• Problem details:
Each line from the one holding "Unbekannt Zoo Unisex" to the last line of the listing must be set down exactly. No pictures are to be included.

• Material provided:
------------------------------------------------
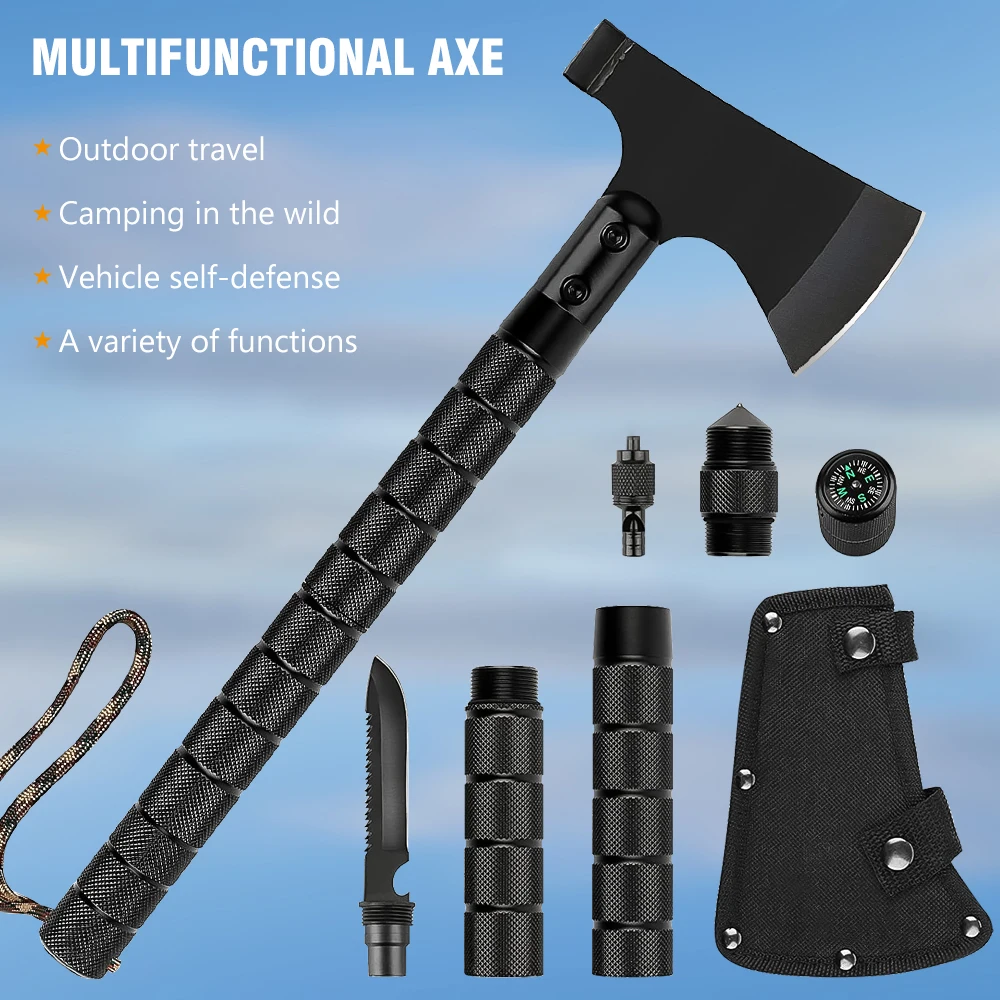 Tactical Axe Tomahawk, High Carbon Steel Heat Treated Survival Tool, Fiberglass Shock Reduction Handle with Anti-Slip Grip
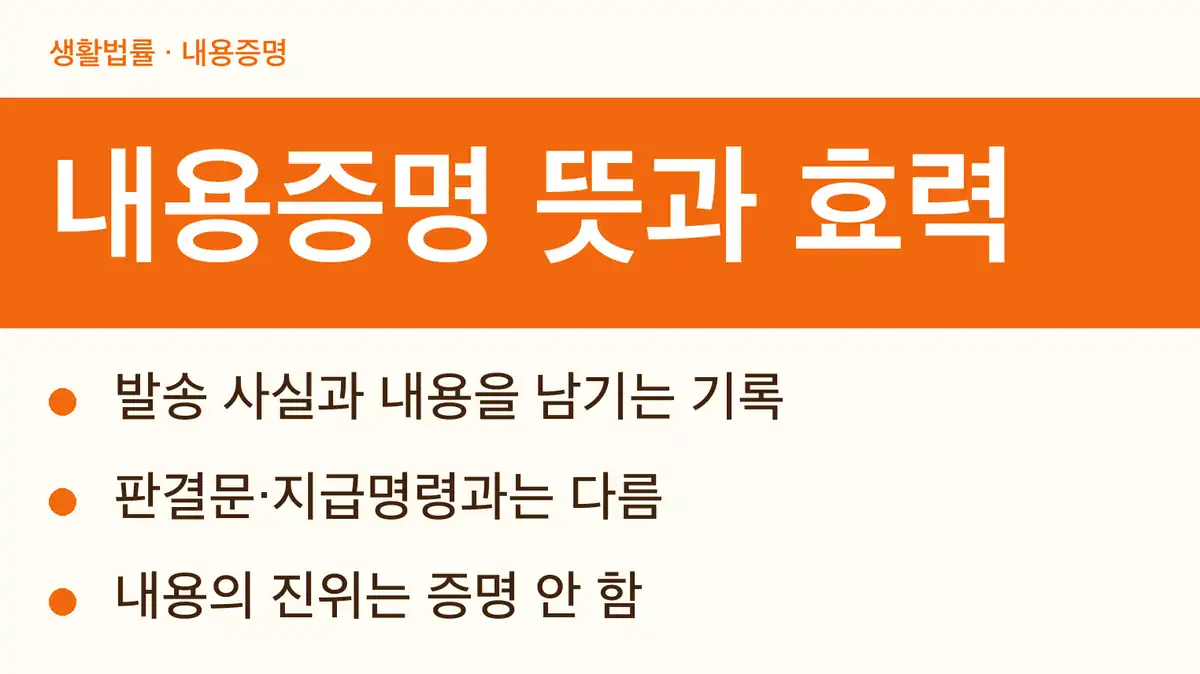 내용증명 뜻: 우체국이 증명하는 것과 증명하지 않는 것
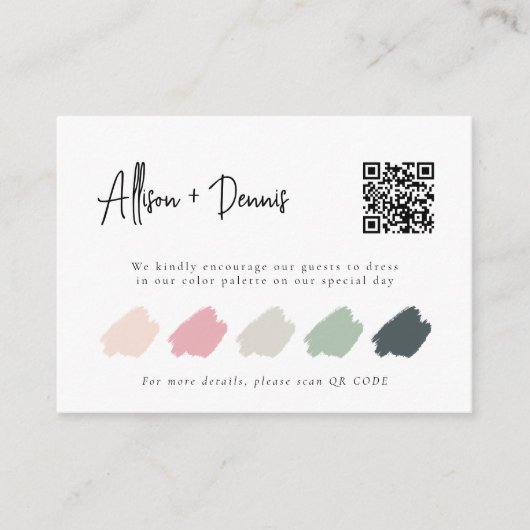 Personalisierter QR-Code für Hochzeitskleidung Begleitkarte (Vorderseite)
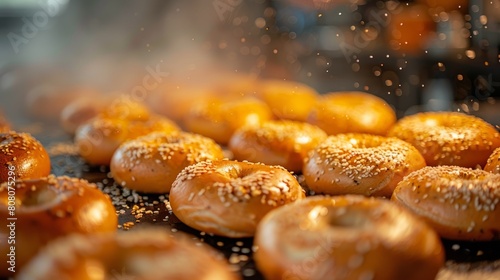 baking homemade bagels, hand-rolled and shaped homemade bagels are boiled and baked until golden perfection is achieved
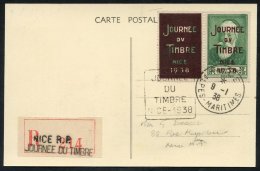 1935 Special Cover For 'Journee Dv Timbre' Franked 30c + 10c Anatole Pair - Both With Ovpt & 1st In Negative, Tied B - Autres & Non Classés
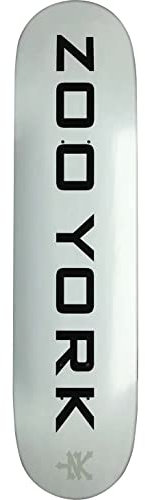 Unbekannt Zoo Unisex – Erwachsene York Classic Logo Block Skateboard Deck, Weiß, 8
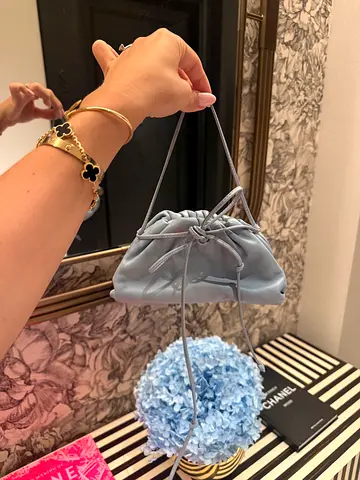 Bottega Veneta Light blue drawstring mini pouch crossbody bag - good condition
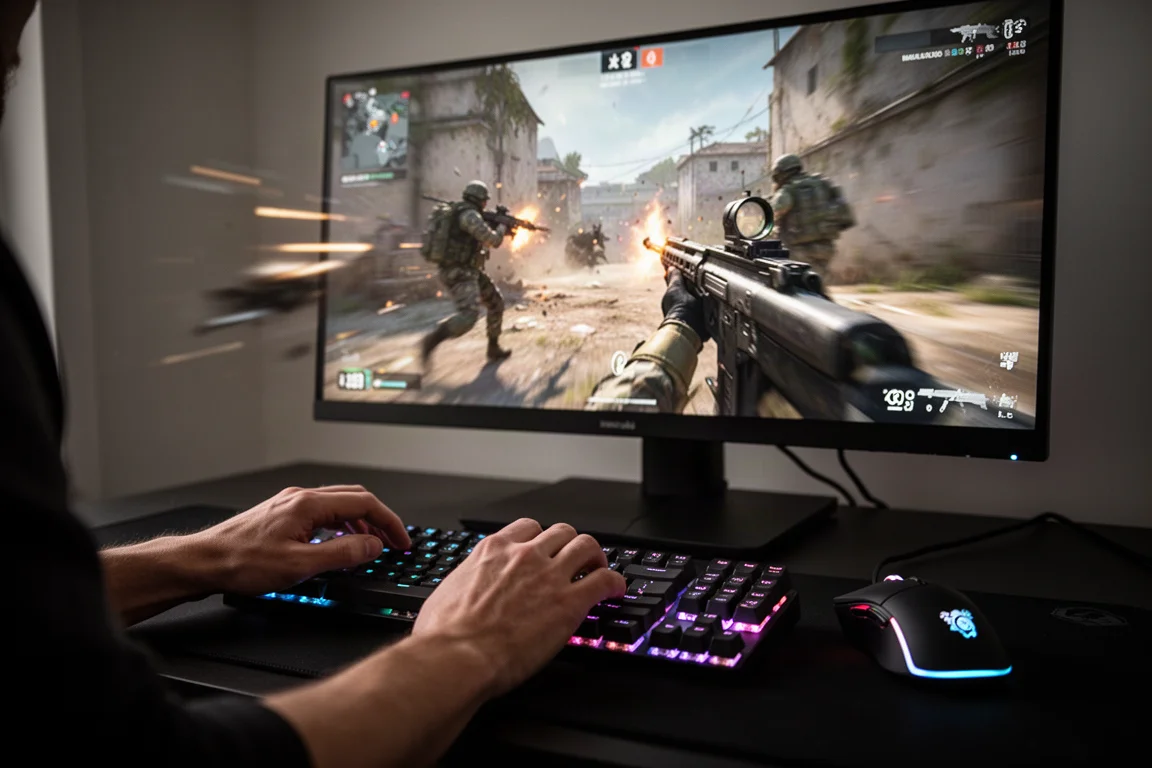 Gamer playing a fast-paced competitive shooter on a 480Hz monitor mode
------------------------------------------------
• Exercise solution:
 Unbekannt Zoo Unisex – Erwachsene York Classic Logo Block Skateboard Deck, Weiß, 8
 Bottega Veneta Light blue drawstring mini pouch crossbody bag - good condition
 Gamer playing a fast-paced competitive shooter on a 480Hz monitor mode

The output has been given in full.